We are not dealing in a vacuum so far as concerns earlier legislation. The Republic of Ireland enacted similar legislation as long ago as 2000 in the Equal Status Act. It covered sexual orientation discrimination and harassment in similarly loose and vague terms. I am not aware that there has been any abuse or that any problem has arisen in the Irish Republic, a point made on 11 December when the transitional Assembly had that extraordinary debate on these regulations. The DUP was isolated politically in that debate, the other Northern Ireland political parties speaking in favour of the regulations in the main, while the DUP had its commitment against the regulations. Points were made again and again about, for example, the situation in the Irish Republic.
The regulations are also not in a vacuum so far as concerns our own law. In 2003 the employment equality regulations dealing with sexual orientation were passed in virtually identical form. All that the Government have done is to extend them to education, goods, services, facilities and public sector duties. In the way that they have done for gender, race and religion, they have now done the same for sexual orientation. So far as I am aware, there has been no problem in the interpretation and application of the 2003 regulations. No noble Lord today has suggested to the contrary.
I am not an uncritical supporter of what the Government are doing. On behalf of my party I should make that clear. In the first place, although it is now academic, we believe that there should have been a single equality Bill which put together all the different strands and could have been, therefore, a coherent piece of legislation rather than bits and pieces in regulations one after the other. In that way, the public and Members of both Houses might have understood better the pattern of legislation. But that is water under the bridge.
I am also concerned, as are other noble Lords, about the vaguely defined concept of harassment. As has been said, I moved successfully the amendment to the then Equality Bill which removed the concept of religious harassment, mainly because of my concern for free speech and the divisiveness of having one religion pitted against another in the county court with no filter leading to compensatory remedies. That seems mischievous and to do no good. I very much hope that our support today for the harassment provisions in these regulations is not interpreted by the Government as a green light for support by us for doing the same thing with religious harassment. Religious harassment is different. It implicates free speech and religious practices in a completely different way. The reason that I think that the Government were right in the consultation to change their minds as they did about sexual orientation harassment becoming a civil wrong is because, as the noble Lord, Lord Smith, among others, pointed out, when you harass a person because they are gay you are harassing them for something with which they are born. When you harass a woman because she is a woman, it is because of her gender. When you harass someone because of their race, it is because of their birthright. Because harassment against gays is a particularly widespread social evil in this country,it seems to me that the Government were rightduring the consultation to change their minds. They were open-minded. They had reservations to begin with.

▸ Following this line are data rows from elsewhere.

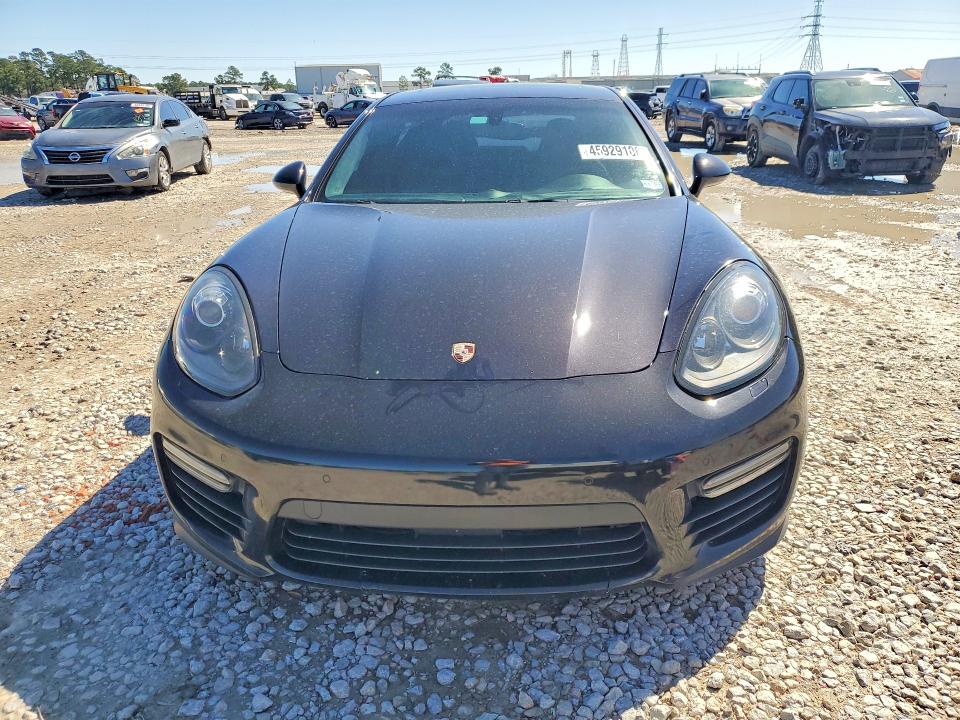2014 Porsche Panamera
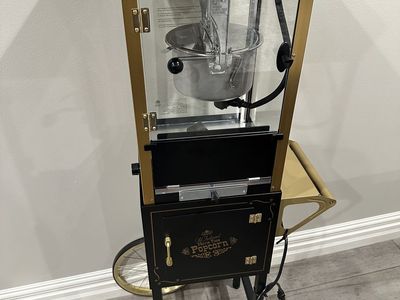 Nostalgia CCP510BK 8-Oz Vintage Popcorn Cart – Black – Excellent Condition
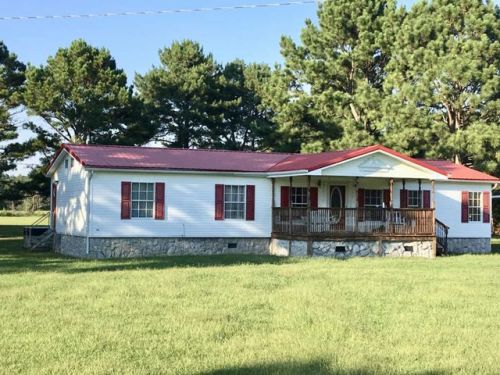 3698 Halls Valley Rd, Trion, GA 30753-2055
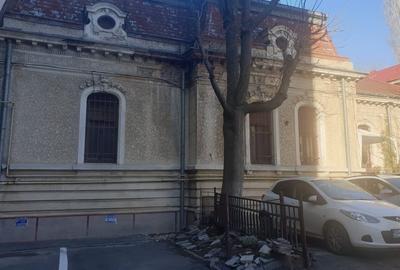 Casă cu 8 camere semidecomandat cu Canalizare în Dorobanți - 2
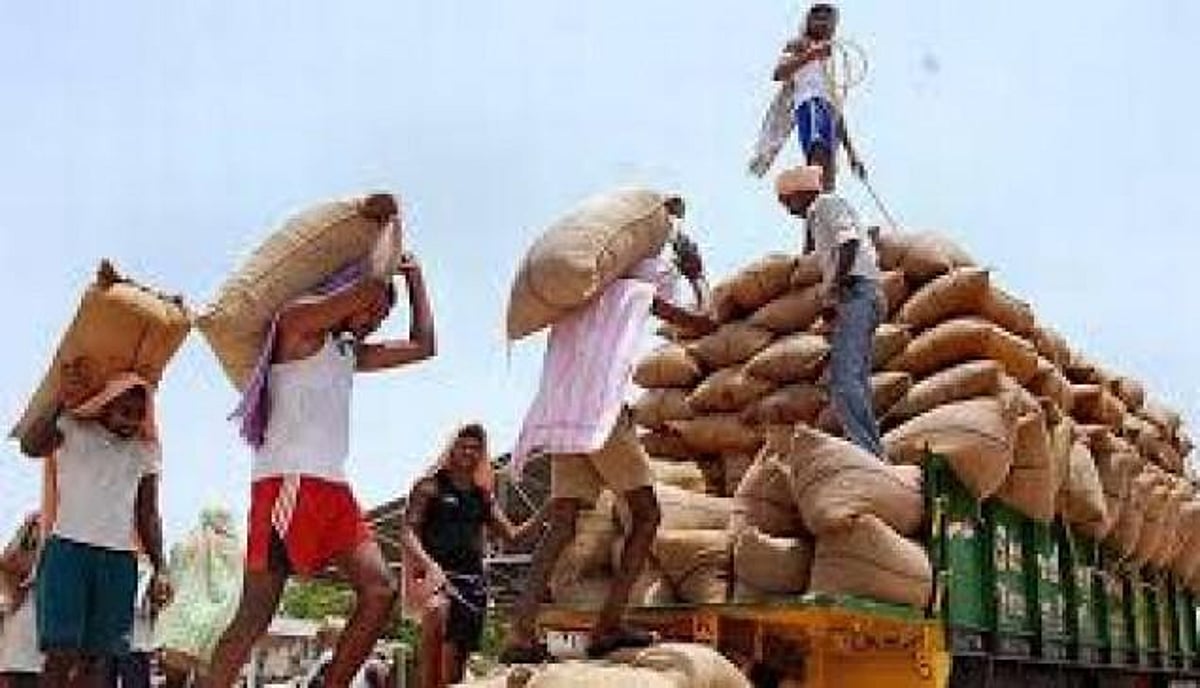 Maharashtra: Essential supplies to be affected due to mathadi workers one-day strike on Monday - Vimarsana News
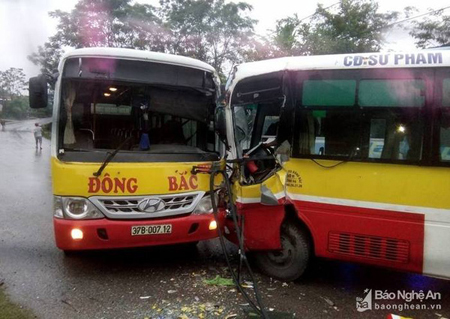 Hai xe bus đâm nhau trực diện.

The Government have been criticised this evening about the consultation, and it will be for the Minister to answer the criticisms that have been made. However, in fairness, I would like to point out that the consultation led the Government to widen the exceptions in favour of freedom of religion. They therefore used the consultation process in an open-minded way. I believe that they gave too many concessions to faith groups, just as they did in the employment equality regulations, but that is again water under the bridge. It will be for courts in due course to decide whether what has been done is compatible with the Human Rights Act, but that is for the future.
The noble Baroness, Lady O’Cathain, mentioned the judicial review proceeding. That has nothing to do with the matter we are concerned with this evening. The judge in Northern Ireland refused an application on judicial review for an interim order to hold up making the regulations law. He said that he was willing to hear arguments of all kinds in March, but was not willing to impede the legislative process. We are therefore completely free this evening to take our own view of the matter.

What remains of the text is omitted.